Hbase的使用
一、zookeeper
1、 zookeeper的安装
(1) 上传并解压;
(2) 修改zookeeper/conf/zoo.cnf,查看或修改dataDir=/tmp/zookeeper的目录(数据目录);
(3) 在zoo.cnf中修改:
clientPort=2181
dataDir=/usr/zookeeper-3.5.3-beta/datadir
syncLimit=5
tickTime=2000
initLimit=10
(4) 在最后面创建server.1=192.168.80.12:2888:3888
其中具体格式为:
server(固定).第4步你设置的myid内容=连接ip:zookeeper内部联系端口号: zookeeper内部选举端口号.

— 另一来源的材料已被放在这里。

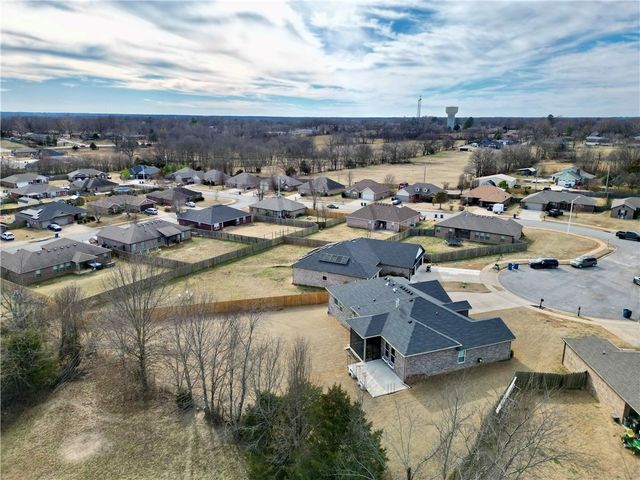 1305 Eagle Court, Gravette, AR 72736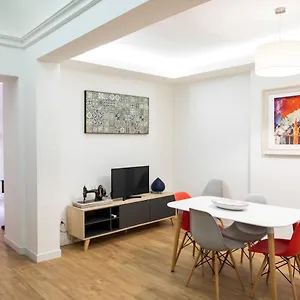 https://uzeda-inn-apartment.catania-hotels.net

(5) 创建dataDir=/tmp/zookeeper(mkdir -p / tmp/zookeeper)或其他目录;
(6) 在dataDir=/tmp/zookeeper目录下创建myid的文件,文件内容为不同的数字;
2、 Zookeeper的启动
(1)进入zookeeper/bin目录下,运行./zkServer.sh,启动服务(一点要每台电脑分别启动zookeeper服务);
(2) 运行./zkServer.sh status,查看zookeeper运行状态;
(3)运行./zkCli.sh start,启动客户端;
(4)可以执行help查看命令提示;
(5)常用命令:create set get delete ls quit
其中ls/get-w代表设置监听器,即改变时会发生提醒
create -s代表创建带序号的节点
-e代表创建临时的节点(客户端下线会删除该节点)
-p代表创建稳定持久的节点
3、 zookeeper的java连接
ZooKeeper zooKeeper= new ZooKeeper("192.168.80.12",2000,null);
可以用zooKeeper的api(creat,setData,getData,getChildren)来进行操作
注:create的ACL(权限------通常使用Ids.OPEN_ACL_UNSAFE)有:
还有,监听者:
new Watcher() {
public void process(WatchedEvent watchedEvent) {
//EventType.NodeChildrenChanged代表监听类型,即监听什么动作发生(还有set,get之类)
//KeeperState.SyncConnected代表当前客户端连接状态
if (watchedEvent.getType() == Event.EventType.NodeChildrenChanged &&
watchedEvent.getState() == Event.KeeperState.SyncConnected) {
try {
getNode();
} catch (Exception e) {
e.printStackTrace();
}
}
}
}
二、hbase
1、 安装
(1)上传及解压
(2)修改hbas/conf/hbase-env.sh
修改JAVA_HOME以及HBASE_MANAGER_ZK的值
(3) 修改hbas/conf/hbase-site.cfg
hbase.tmp.dir
hbase.rootdir
hbase.cluster.distributed
hbase.zookeeper.quorum
hbase.zookeeper.property.dataDir
zoo.cfg会覆盖hbase-site.xml中的属性
| ||||||
(4) 修改hbase/conf/regionservers
写入集群的主机名或者IP地址
(6) 进入hbase/bin下,运行./start-hbase.sh开始运行集群服务(进入ip:16010可以进入WEB UI查询已有表格)
(7) 运行./hbase shell进入到shell命令界面
2、 hbase的使用
(1)创建名称空间:create_namespace ‘名称空间’ (查看/删除用list/drop_namespace)
(2)创建表格命令:create ‘名称空间:表名’,‘列族名1’’,’列族名2’(删除用truncate,或者先disable,再drop)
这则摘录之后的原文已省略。